I have installed OpenPBS on a workstation with Ubuntu 20.4.
Everything works fine until I send a job on a queue. The status in the queue is “R” but the time is fixed on 0:00 and nothing seems to happen. If I delete the job, an error file is generated with the following:
Host key verification failed.^M [mpiexec@Precision-7920-Tower] HYDU_sock_write (utils/sock/sock.c:256): write error (Bad file descriptor) [mpiexec@Precision-7920-Tower] HYD_pmcd_pmiserv_send_signal (pm/pmiserv/pmiserv_cb.c:178): unable to write data to ** proxy [mpiexec@Precision-7920-Tower] ui_cmd_cb (pm/pmiserv/pmiserv_pmci.c:77): unable to send signal downstream [mpiexec@Precision-7920-Tower] HYDT_dmxu_poll_wait_for_event (tools/demux/demux_poll.c:77): callback returned error
** status [mpiexec@Precision-7920-Tower] HYD_pmci_wait_for_completion (pm/pmiserv/pmiserv_pmci.c:196): error waiting for even t [mpiexec@Precision-7920-Tower] main (ui/mpich/mpiexec.c:336): process manager error waiting for completion
I found similar posts but noone seems to solve my issue. From what I got it seems the problem is in the hostname defined in /etc/hosts and /etc/pbs.conf.
In my case:
/etc/hosts
As I mentioned before, I tried changing the server name in /etc/hosts to match the one in /etc/pbs.conf
After I put
127.0.1.1 Precision-7920-Tower
in /etc/hosts
I cannot execute any pbs command:
sysadmin@Precision-7920-Tower:~/testMDX/test1$ qstat -q
Connection refused
qstat: cannot connect to server Precision-7920-Tower (errno=15010)

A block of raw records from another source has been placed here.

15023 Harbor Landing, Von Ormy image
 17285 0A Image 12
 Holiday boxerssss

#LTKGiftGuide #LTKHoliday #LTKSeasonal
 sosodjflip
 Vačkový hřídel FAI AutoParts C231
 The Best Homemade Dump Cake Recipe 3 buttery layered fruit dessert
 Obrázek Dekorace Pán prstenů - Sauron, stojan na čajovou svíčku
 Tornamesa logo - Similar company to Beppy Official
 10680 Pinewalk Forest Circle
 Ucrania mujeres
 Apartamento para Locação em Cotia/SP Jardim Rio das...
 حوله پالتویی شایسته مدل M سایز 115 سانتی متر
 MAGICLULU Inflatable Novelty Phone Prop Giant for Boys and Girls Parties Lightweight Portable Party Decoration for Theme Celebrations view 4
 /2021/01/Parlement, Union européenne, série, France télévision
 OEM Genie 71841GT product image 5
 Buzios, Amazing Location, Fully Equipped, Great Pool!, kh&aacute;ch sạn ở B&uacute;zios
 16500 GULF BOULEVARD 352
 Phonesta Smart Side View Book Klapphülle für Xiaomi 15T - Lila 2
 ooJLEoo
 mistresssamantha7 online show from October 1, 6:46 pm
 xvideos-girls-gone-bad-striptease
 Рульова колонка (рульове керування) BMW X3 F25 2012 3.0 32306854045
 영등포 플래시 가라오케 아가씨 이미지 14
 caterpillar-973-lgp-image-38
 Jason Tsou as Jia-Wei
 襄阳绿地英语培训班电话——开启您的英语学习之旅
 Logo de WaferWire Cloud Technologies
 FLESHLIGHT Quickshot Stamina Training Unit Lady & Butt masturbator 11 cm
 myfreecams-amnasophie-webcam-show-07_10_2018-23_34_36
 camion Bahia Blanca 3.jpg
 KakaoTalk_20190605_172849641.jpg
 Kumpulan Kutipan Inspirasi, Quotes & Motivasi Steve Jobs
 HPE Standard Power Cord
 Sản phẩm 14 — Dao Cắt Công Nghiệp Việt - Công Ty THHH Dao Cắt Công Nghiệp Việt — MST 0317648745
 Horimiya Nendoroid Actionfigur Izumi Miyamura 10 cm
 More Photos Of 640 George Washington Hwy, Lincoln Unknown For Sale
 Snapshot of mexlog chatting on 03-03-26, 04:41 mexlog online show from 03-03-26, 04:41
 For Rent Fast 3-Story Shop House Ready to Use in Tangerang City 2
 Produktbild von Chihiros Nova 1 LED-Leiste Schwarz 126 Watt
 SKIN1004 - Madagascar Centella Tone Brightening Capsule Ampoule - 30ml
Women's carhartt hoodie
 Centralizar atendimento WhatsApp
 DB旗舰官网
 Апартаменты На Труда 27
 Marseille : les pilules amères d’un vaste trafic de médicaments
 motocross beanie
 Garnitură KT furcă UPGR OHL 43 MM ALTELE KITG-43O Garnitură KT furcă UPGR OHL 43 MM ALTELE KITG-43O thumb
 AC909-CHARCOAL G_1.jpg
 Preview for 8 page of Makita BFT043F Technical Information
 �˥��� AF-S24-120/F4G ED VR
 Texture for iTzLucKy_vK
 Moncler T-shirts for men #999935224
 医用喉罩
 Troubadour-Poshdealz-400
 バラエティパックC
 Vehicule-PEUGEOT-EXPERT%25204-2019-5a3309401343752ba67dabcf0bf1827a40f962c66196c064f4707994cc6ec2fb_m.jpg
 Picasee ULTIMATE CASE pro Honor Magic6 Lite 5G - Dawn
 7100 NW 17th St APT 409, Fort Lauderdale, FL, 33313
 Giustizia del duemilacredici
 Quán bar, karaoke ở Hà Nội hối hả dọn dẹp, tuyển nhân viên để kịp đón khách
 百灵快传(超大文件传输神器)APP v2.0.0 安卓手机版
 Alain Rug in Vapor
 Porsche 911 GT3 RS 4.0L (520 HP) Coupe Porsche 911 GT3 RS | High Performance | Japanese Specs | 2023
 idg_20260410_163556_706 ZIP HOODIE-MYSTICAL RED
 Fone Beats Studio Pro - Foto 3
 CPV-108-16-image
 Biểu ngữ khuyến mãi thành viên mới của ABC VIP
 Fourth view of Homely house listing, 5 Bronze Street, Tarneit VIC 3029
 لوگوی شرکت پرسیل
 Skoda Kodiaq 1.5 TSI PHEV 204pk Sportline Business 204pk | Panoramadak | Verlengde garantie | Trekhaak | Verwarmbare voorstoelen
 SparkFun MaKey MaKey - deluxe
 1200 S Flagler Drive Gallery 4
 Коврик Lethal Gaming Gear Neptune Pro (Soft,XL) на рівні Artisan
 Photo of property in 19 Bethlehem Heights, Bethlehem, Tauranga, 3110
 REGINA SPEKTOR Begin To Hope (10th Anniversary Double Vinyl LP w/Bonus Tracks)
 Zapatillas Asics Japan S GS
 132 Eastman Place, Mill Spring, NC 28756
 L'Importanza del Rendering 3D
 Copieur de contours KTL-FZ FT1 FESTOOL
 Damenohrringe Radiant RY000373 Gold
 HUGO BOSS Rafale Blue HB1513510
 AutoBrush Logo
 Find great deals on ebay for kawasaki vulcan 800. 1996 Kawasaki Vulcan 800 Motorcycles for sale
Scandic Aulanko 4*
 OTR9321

sysadmin@Precision-7920-Tower:~/testMDX/test1$ qsub opbs.job
Connection refused
qsub: cannot connect to server Precisi (errno=15010)
Take note that these command works perfectly with the mismatched server name.
I also tried to restart the pbs services but it does not seem to make any difference.
Also:
sysadmin@Precision-7920-Tower:~/testMDX/test1$ /etc/init.d/pbs status
pbs_server is not running
pbs_mom is pid 8278
pbs_sched is not running
pbs_comm is not running
Not sure about the DNS thing, but I found this:
sysadmin@Precision-7920-Tower:~/testMDX/test1$ host Precision-7920-Tower
Precision-7920-Tower has address 10.80.135.53
sysadmin@Precision-7920-Tower:~/testMDX/test1$ host 10.80.135.53
53.135.80.10.in-addr.arpa domain name pointer Precision-7920-Tower.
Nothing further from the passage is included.